— Task —
For the entries below, the result should be an exact transcription of the lines from the one with "The 4 of Wands" up to and including the one with "Seersucker Striped Cocktail", and only those.

— Data section —
————————

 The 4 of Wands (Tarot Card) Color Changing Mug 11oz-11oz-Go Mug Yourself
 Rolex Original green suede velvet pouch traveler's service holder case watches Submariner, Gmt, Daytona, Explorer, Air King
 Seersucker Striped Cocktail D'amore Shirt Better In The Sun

————————

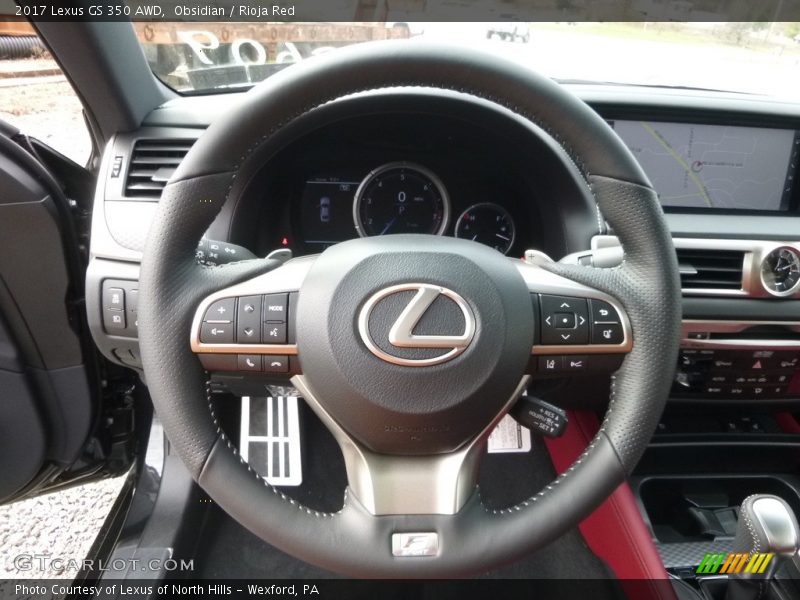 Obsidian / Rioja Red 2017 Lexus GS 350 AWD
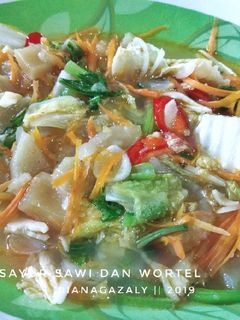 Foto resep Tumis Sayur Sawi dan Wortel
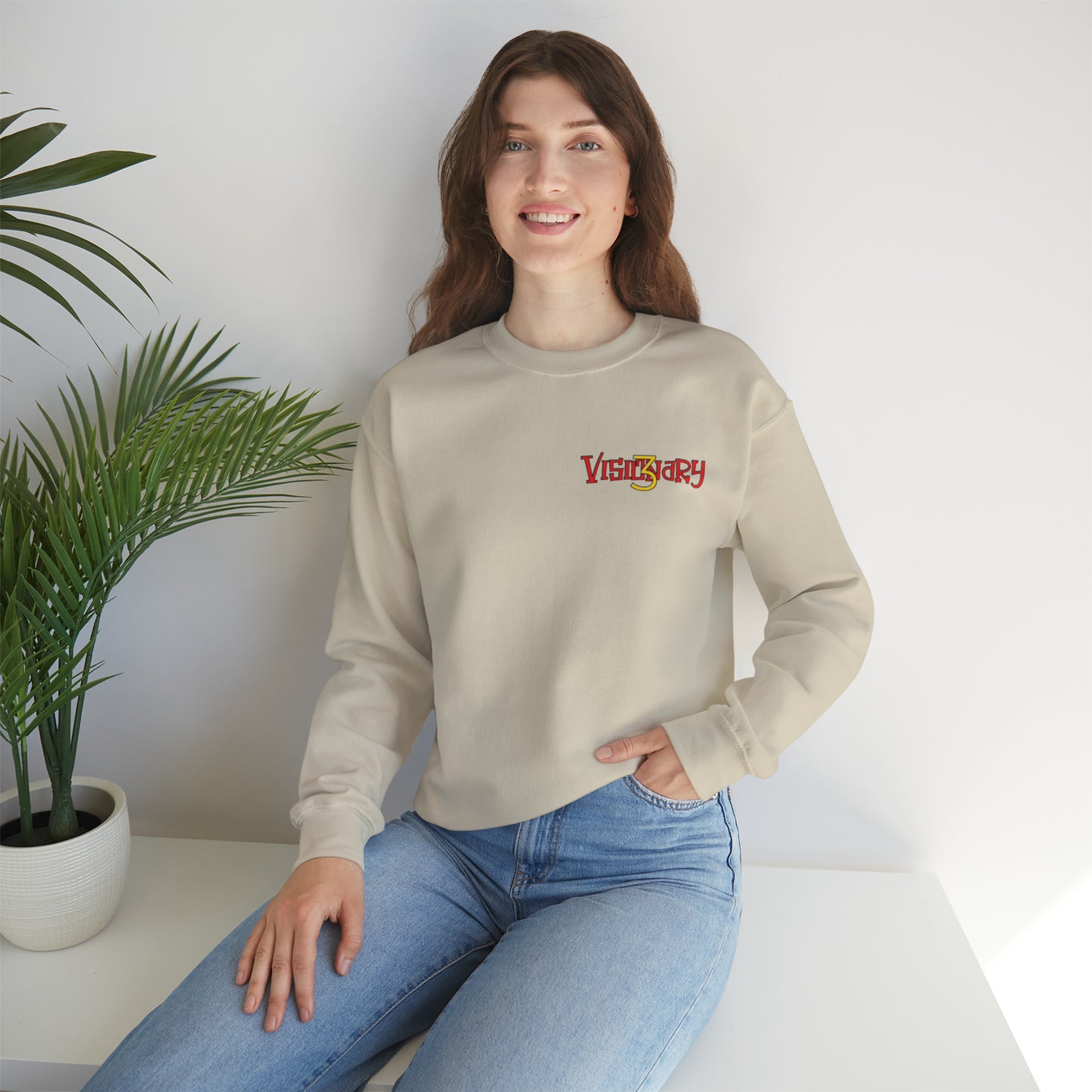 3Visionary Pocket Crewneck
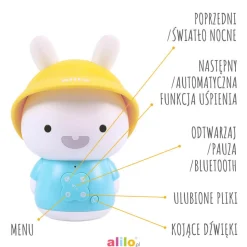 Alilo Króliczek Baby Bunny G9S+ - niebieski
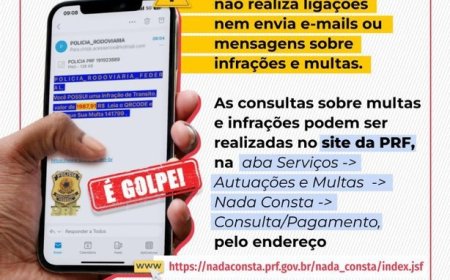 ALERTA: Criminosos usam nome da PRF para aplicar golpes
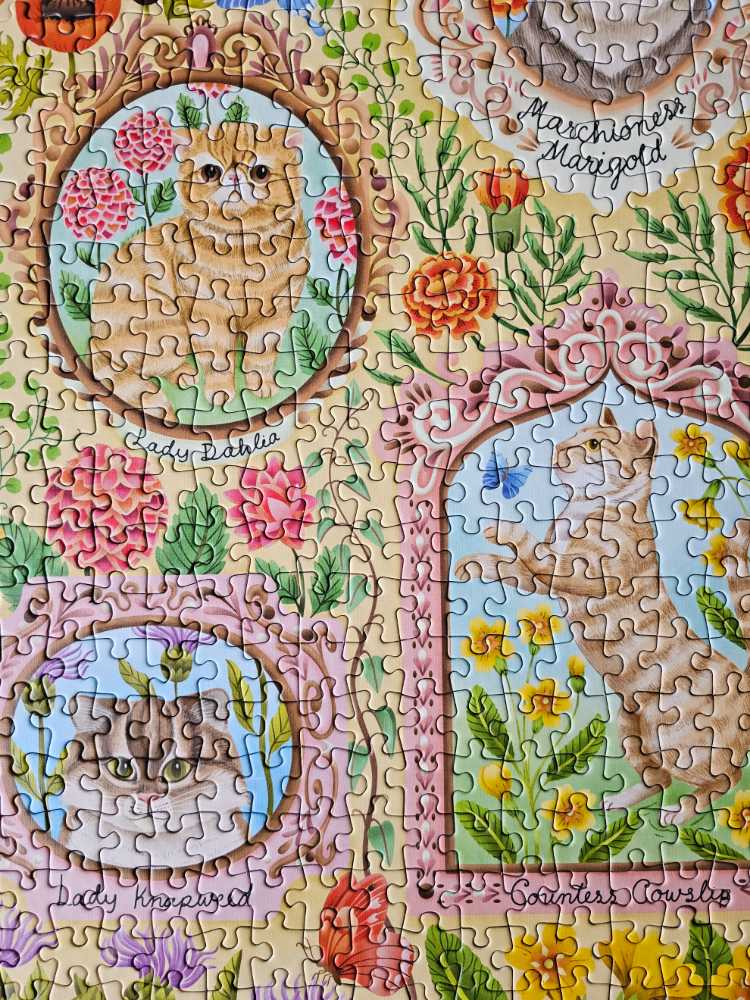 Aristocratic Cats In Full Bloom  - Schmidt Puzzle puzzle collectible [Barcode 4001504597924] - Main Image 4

————————

— Written reply —
 The 4 of Wands (Tarot Card) Color Changing Mug 11oz-11oz-Go Mug Yourself
 Rolex Original green suede velvet pouch traveler's service holder case watches Submariner, Gmt, Daytona, Explorer, Air King
 Seersucker Striped Cocktail D'amore Shirt Better In The Sun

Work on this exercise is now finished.